MobileRobot

Robot capable of autonomous navigation and object detection currently in development. Initial applications are household cleaning tasks and delivery. A GUI showing detections and point clouds in 3D is included, along with the predicted 3D center point of the object which is used as the pick-point.

View repository In Development • 2024-present

Hardware Platform

Mobile Robot Platform

Custom mobile robot platform featuring RealSense D455 depth camera, NVIDIA Jetson compute module, and omnidirectional drive system.

How to Run

cd /path/to/CleaningRobot

# Build
docker compose -f docker/docker-compose.yml build

# Run (this automatically runs entrypoint.sh inside the container)
docker compose -f docker/docker-compose.yml up

Robot in Motion

Noticing consistent vibration from the small hard mecanum wheels. I expected some due to the omnidirectional design, but as you can see in the video there is quite a bit. It’ll be an interesting stress test for visual SLAM and point cloud stability once implemented, but realistically this mechanical noise will likely challenge pose estimation and depth consistency, so I will have to figure out a mechanical solution soon as well.

Demo Clips

Short captures demonstrating picking and point-cloud visualization during runtime.

Picking demo (bloopers for now)

Point cloud demo

System Architecture

3D Object Detection & Visualization

1. Sensor Input

RealSense D455 streams 720p RGB + aligned depth at 30 FPS via /color, /depth, and /imu topics.

2. Object Detection

YOLOv8 TensorRT detects custom objects (clothes, dirt, debris) with 83%+ confidence. Outputs bounding boxes via /detections_output.

3. Point Cloud Generation

For each YOLO bounding box, crop the corresponding depth ROI (100-5000mm range). Compute median depth from central 40% window to establish object plane. Filter pixels within ±50mm of median to isolate object from floor/background. Project filtered pixels to 3D using camera intrinsics (fx, fy, cx, cy).

4. Pose Estimation & Visualization

Compute object center from median point cloud coordinates. Publish via /detected_objects_pointcloud and /detected_objects_3d.

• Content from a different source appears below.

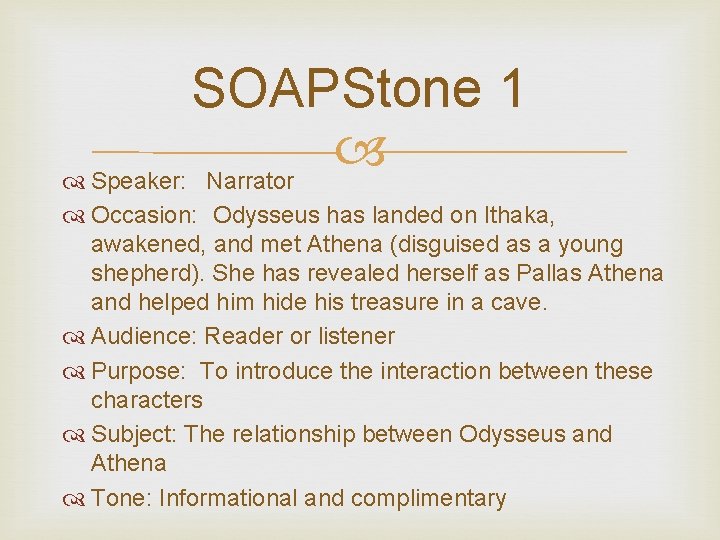 SOAPStone 1 Speaker: Narrator Occasion: Odysseus has landed on Ithaka, awakened, and met Athena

Stream to WebSocket server for real-time Three.js visualization at 15+ FPS.

Autonomous Navigation (Planned)

1. Visual SLAM

Isaac ROS Visual SLAM processes camera feed and IMU data to generate real-time odometry (/odom) and global pose estimates (/pose).

2. 3D Mapping

Isaac ROS nvblox constructs real-time 3D occupancy maps and 2D costmaps from depth data, enabling obstacle-aware path planning.

3. Path Planning

Isaac ROS Nav2 computes collision-free trajectories from current pose to goal positions using costmaps and dynamic replanning.

4. Motion Control

Robot controller translates path commands to motor velocities via /cmd_vel, actuating the mecanum wheel base for omnidirectional movement.

Custom Model Training

Tools for collecting training data and fine-tuning YOLOv8:

  • Data Collection: collectData2DRGB.py captures calibrated images at 1-second intervals
  • Annotation: Images labeled using Roboflow for bounding box annotation
  • Training: YOLOv8 models trained on domain-specific datasets (clothes, dirt)
  • Optimization: Models converted to ONNX and compiled to TensorRT for ~10x speedup on Jetson
  • Deployment: Dynamic model loading via ROS2 launch parameters
# Can also test custom model standalone with ros2 example:
ros2 launch isaac_ros_examples isaac_ros_examples.launch.py \
  launch_fragments:=realsense_mono_rect_depth,yolov8 \
  model_file_path:=${ISAAC_ROS_WS}/models/yolov8/clothes.onnx \
  engine_file_path:=${ISAAC_ROS_WS}/models/yolov8/clothes.plan \
  confidence_threshold:=0.83

3D Visualization

Custom WebSocket-based viewer built with Three.js for real-time 3D visualization:

Features:

  • Dual-stream rendering: object-only clouds + full scene context
  • Live 3D center point markers with wireframe spheres
  • Adjustable point size (0.1-15px) via slider
  • Orbit controls (rotate, zoom, pan) with dampening
  • Coordinate axes and ground grid for reference
  • RGB color preservation with sRGB conversion
  • Debug logging panel for status and statistics

Architecture:

web_viewer_server_3d.py subscribes to ROS2 topics and serves data via WebSocket endpoints (/3d, /center, /full_scene). The HTML viewer connects and renders using Three.js with efficient buffer geometry updates at 15+ FPS.